Restate the records that follow word for word; no pictures should appear.

── Data for review

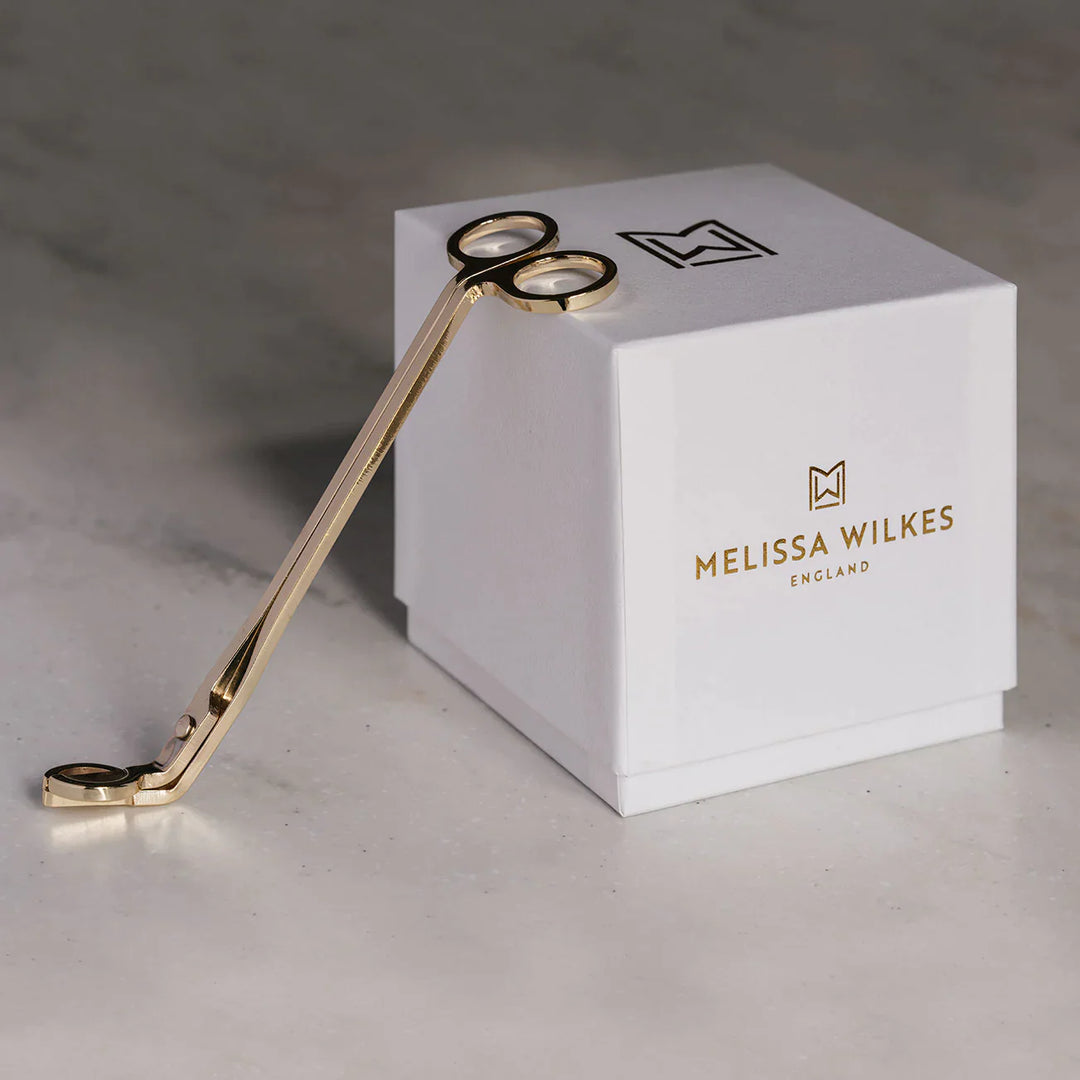 Melissa-Wilkes-Candles-Luxury-artisan-gift-item-fine-bone-china-vessel-22-carat-gold-habd-guilded-lid-stoke-on-trent-pottery-Pomelo-Bitters-Citrus-candle-white-fine-china-British-designer-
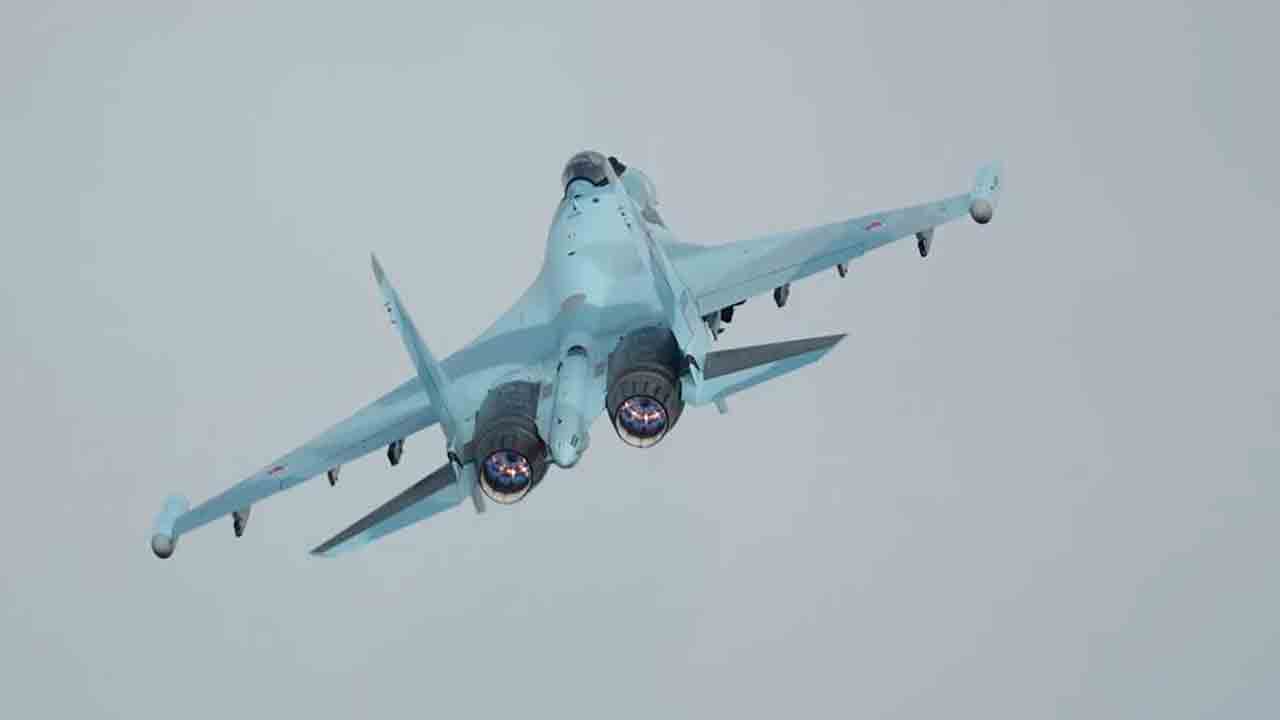 러시아 항공우주군에 새로운 Su-35S 전투기 인도. 2025년 10월. 사진: UAC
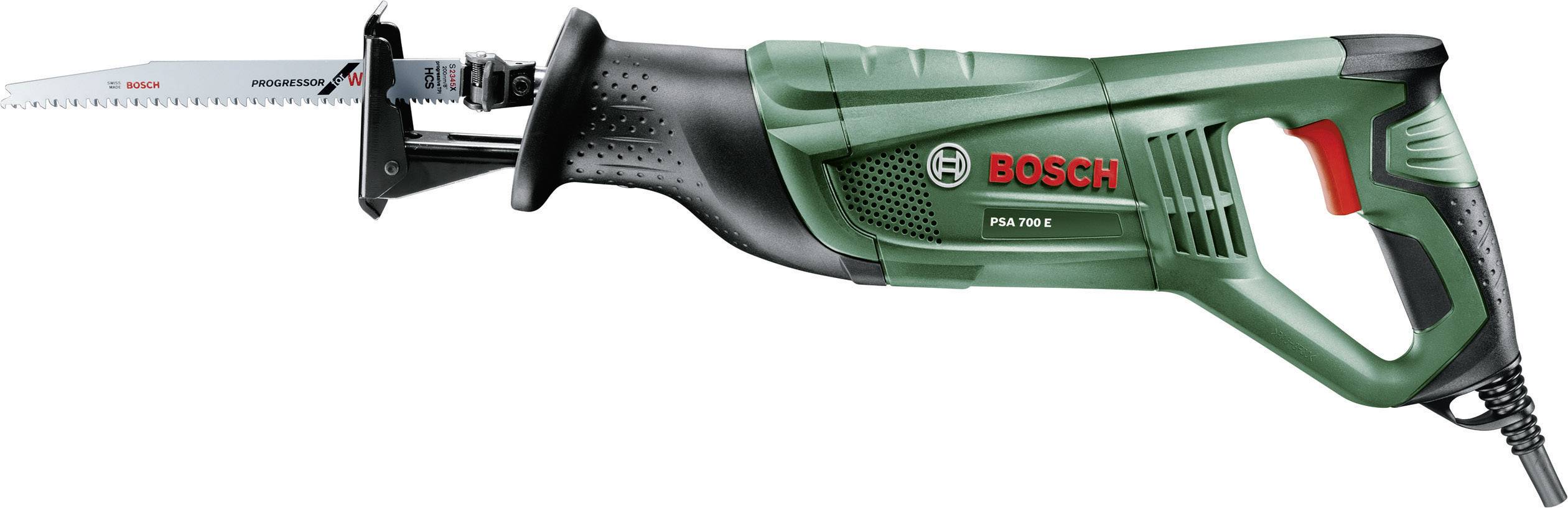 Grøn Bosch stiksav, model PSA 700 E, med sort greb og monteret savklinge, elektrisk ledning synlig.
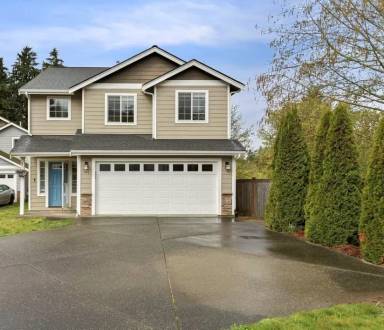 Main picture of 744 Courage Ct SE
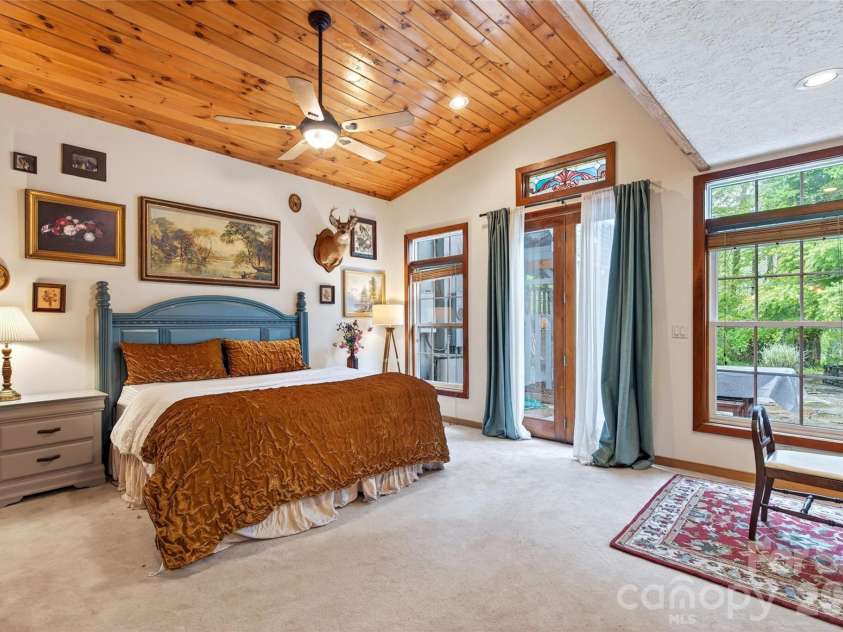 3068 226 Highway, Bakersville, NC 28705.  MLS# CAR4380158, YatesRealty ID 20370. 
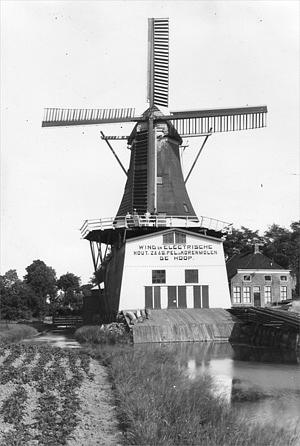 Molen 00628 De Hoop (Holwierde), Foto: n.n. opn. ca 1920, coll. A. Korpershoek | Database Nederlandse molens media-bestand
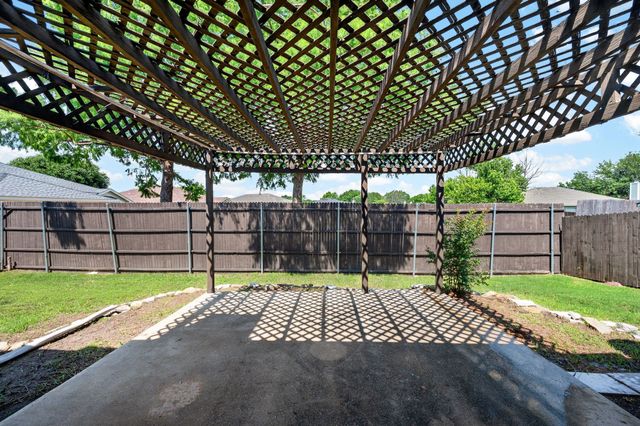 8117 Jolie Drive, Fort Worth, TX 76137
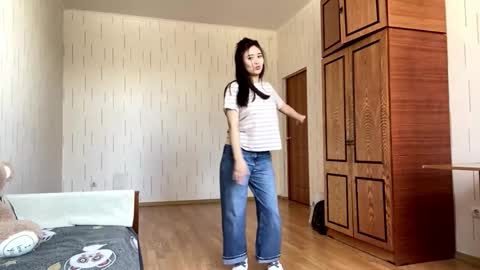 Mila online show from March 10, 2026, 7:13 am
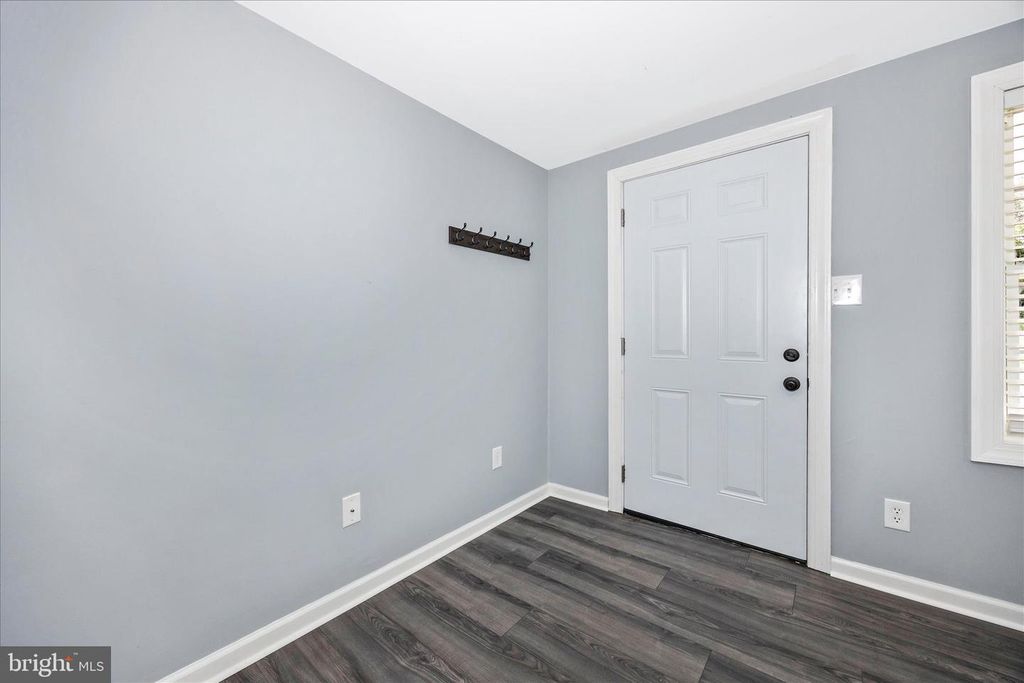 Image 4 of property listing at 15442 FALLING WATERS RD, Williamsport, MD 21795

────

## Exercise result:
 Melissa-Wilkes-Candles-Luxury-artisan-gift-item-fine-bone-china-vessel-22-carat-gold-habd-guilded-lid-stoke-on-trent-pottery-Pomelo-Bitters-Citrus-candle-white-fine-china-British-designer-
 러시아 항공우주군에 새로운 Su-35S 전투기 인도. 2025년 10월. 사진: UAC
 Grøn Bosch stiksav, model PSA 700 E, med sort greb og monteret savklinge, elektrisk ledning synlig.
 Main picture of 744 Courage Ct SE
 3068 226 Highway, Bakersville, NC 28705.  MLS# CAR4380158, YatesRealty ID 20370. 
 Molen 00628 De Hoop (Holwierde), Foto: n.n. opn. ca 1920, coll. A. Korpershoek | Database Nederlandse molens media-bestand
 8117 Jolie Drive, Fort Worth, TX 76137
 Mila online show from March 10, 2026, 7:13 am
 Image 4 of property listing at 15442 FALLING WATERS RD, Williamsport, MD 21795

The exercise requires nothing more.